%%

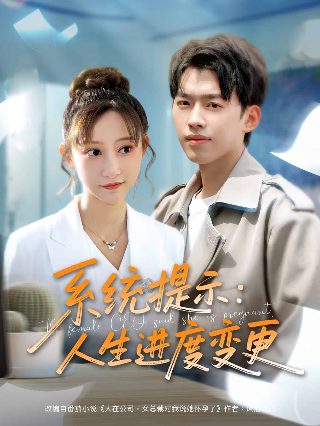 白夜召唤漫画在线观看第二季全集下载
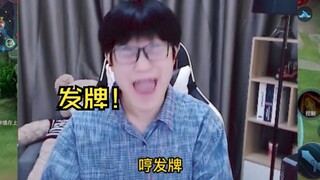对不起 钟馗哥 我爱你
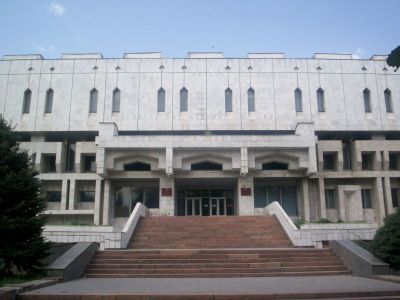 National Library, Bishkek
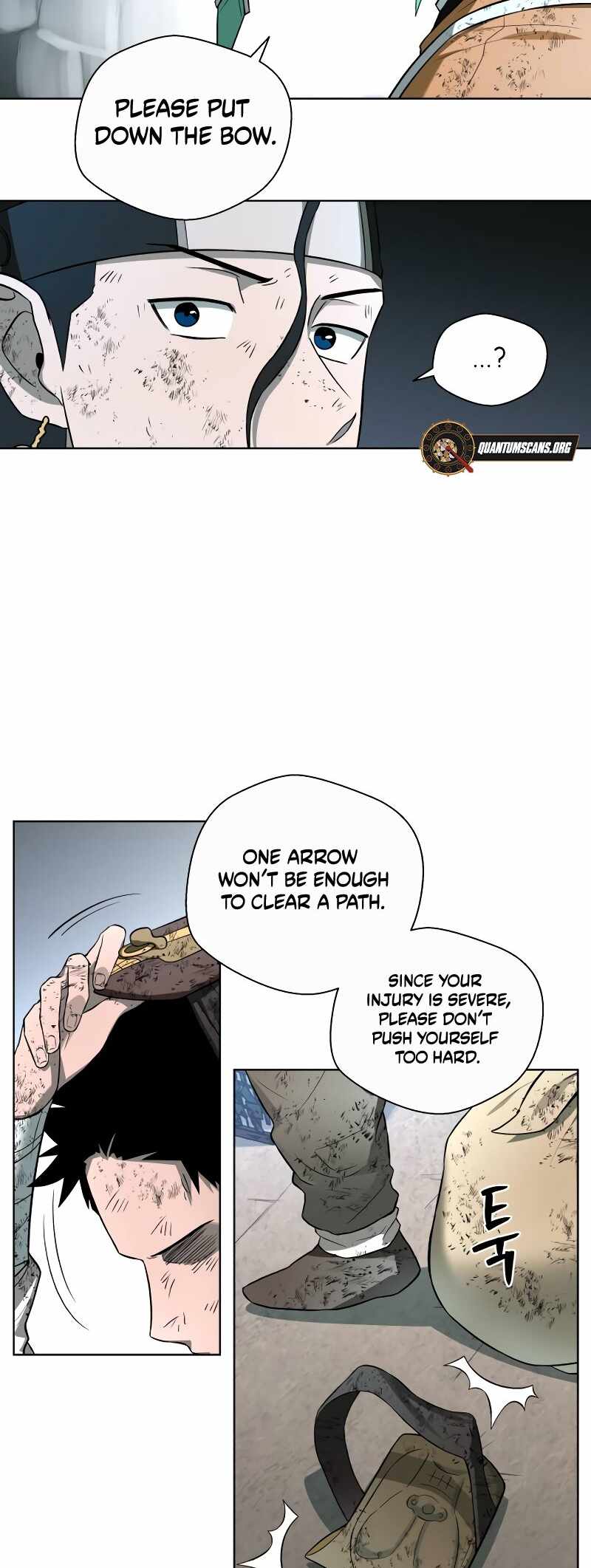 Human Mask Chapter 31 page 55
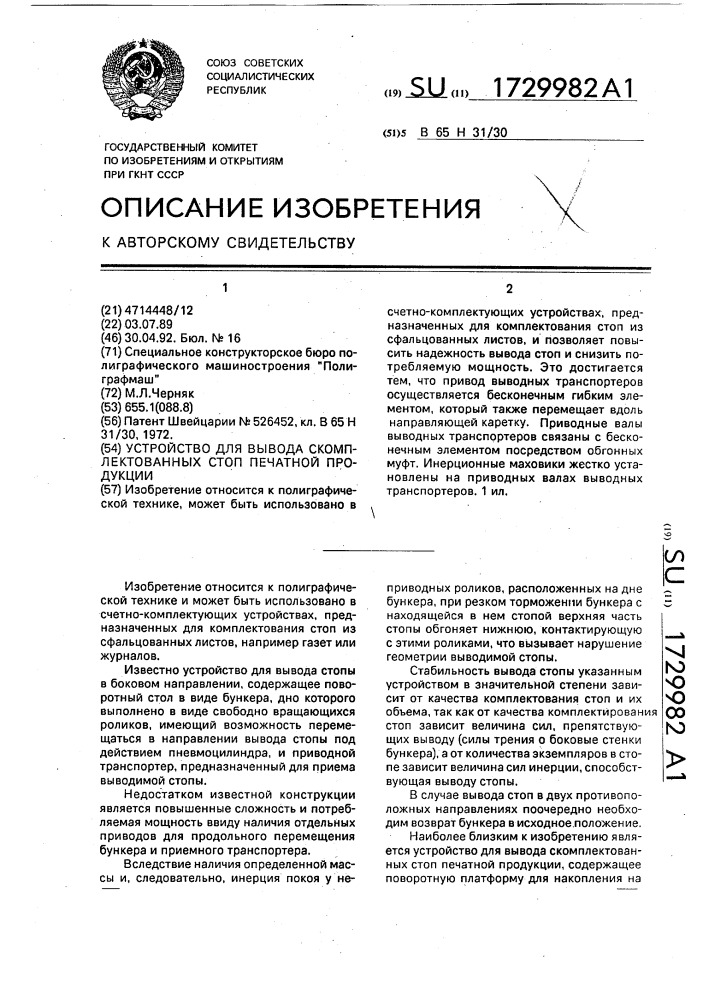 Устройство для вывода скомплектованных стоп печатной продукци (патент 1729982)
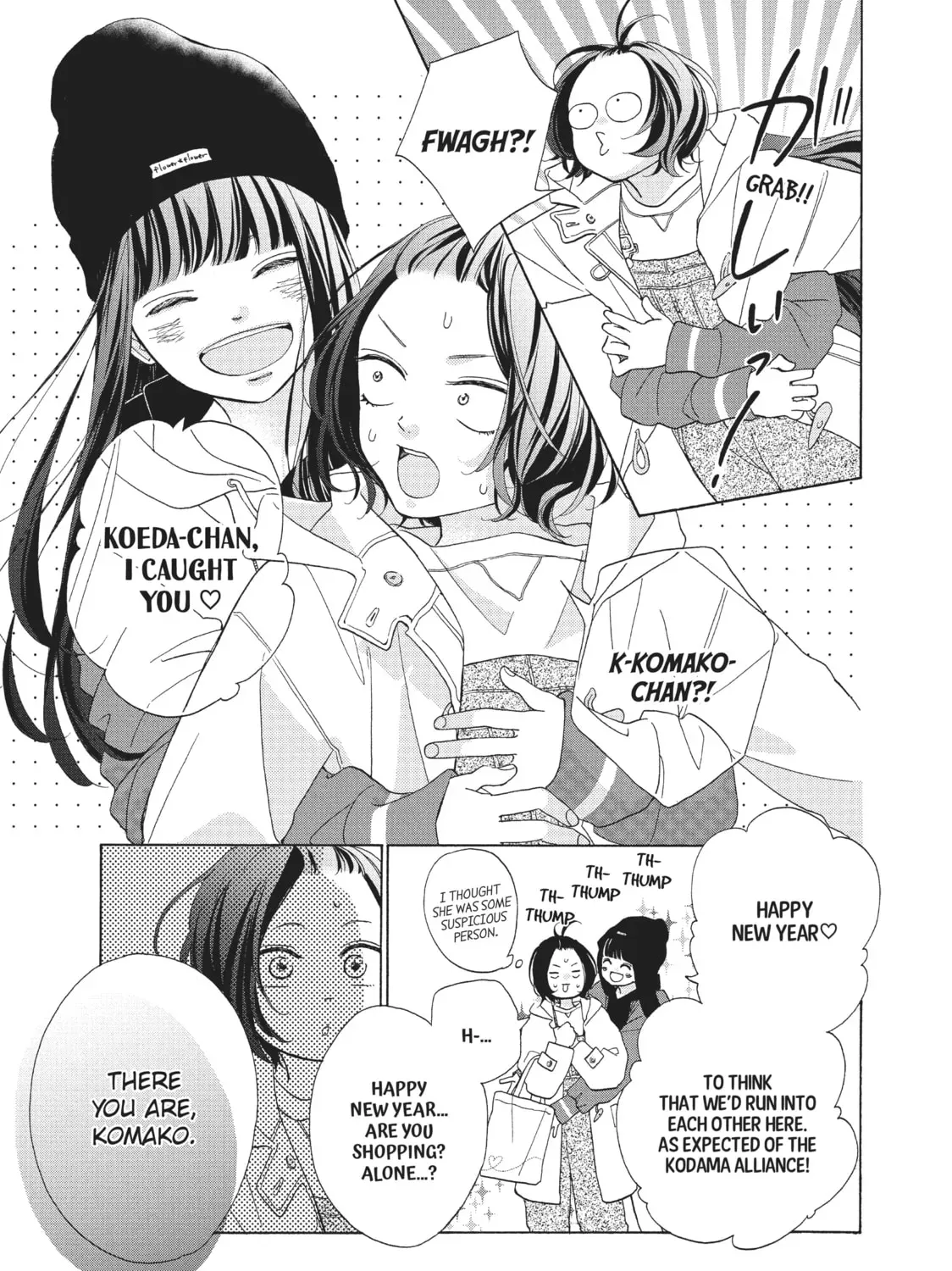 Kimi wa Kawaii Onnanoko Chapter 45 - page 25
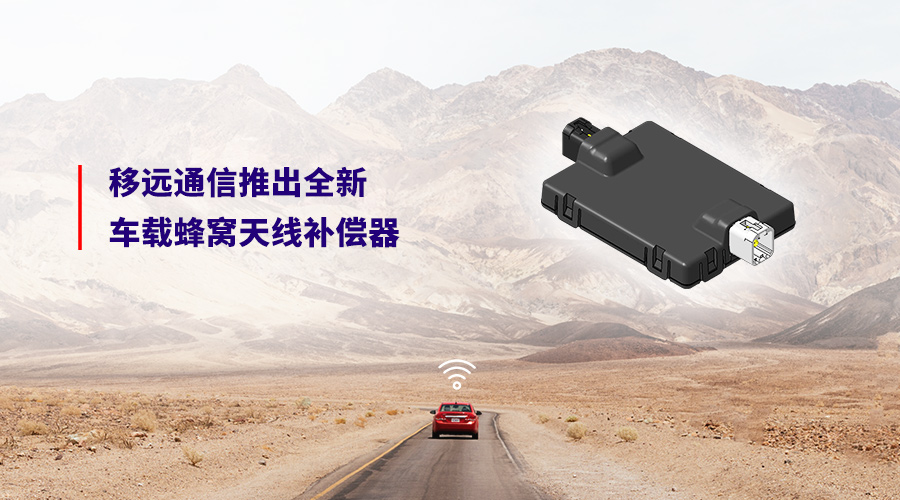 2025上海车展 | 车载信号弱怎么办？移远通信率先推出全新蜂窝天线补偿器，解决客户网联痛点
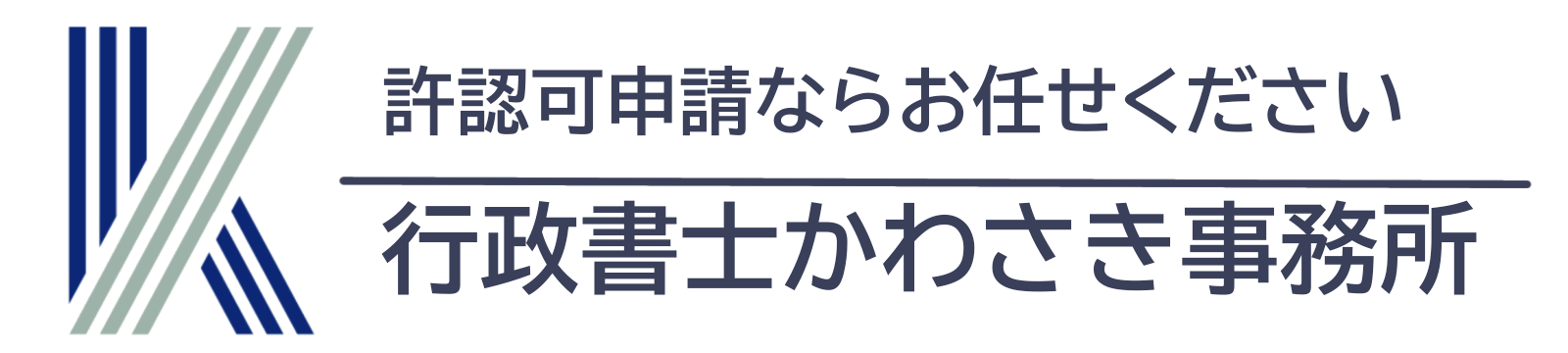 許認可専門行政書士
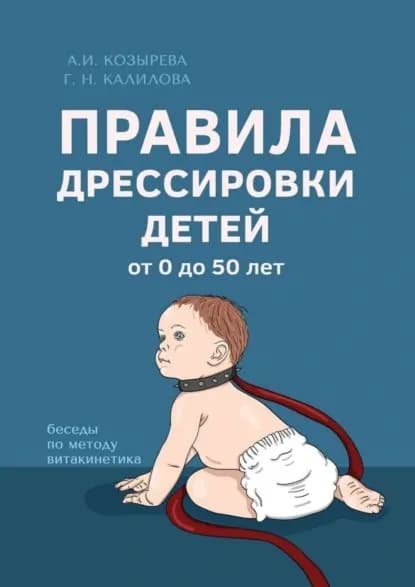 Правила дрессировки детей | Калилова Галина Николаевна, Козырева Алена | Электронная книга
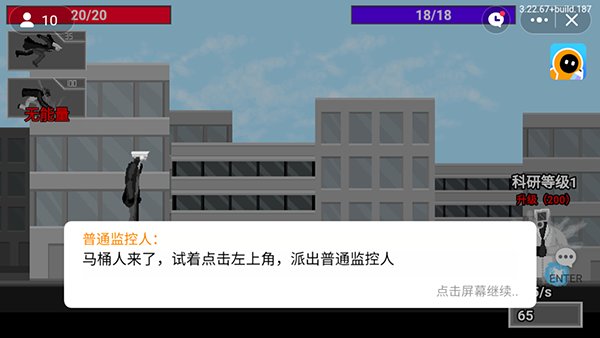 马桶人逆袭 下载2024官方正版手游app截图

%%

Working from the line with "Правила дрессировки детей" to the last line of the material above, repeat each line exactly and leave out the pictures.

YOUR SOLUTION -
 Правила дрессировки детей | Калилова Галина Николаевна, Козырева Алена | Электронная книга
 马桶人逆袭 下载2024官方正版手游app截图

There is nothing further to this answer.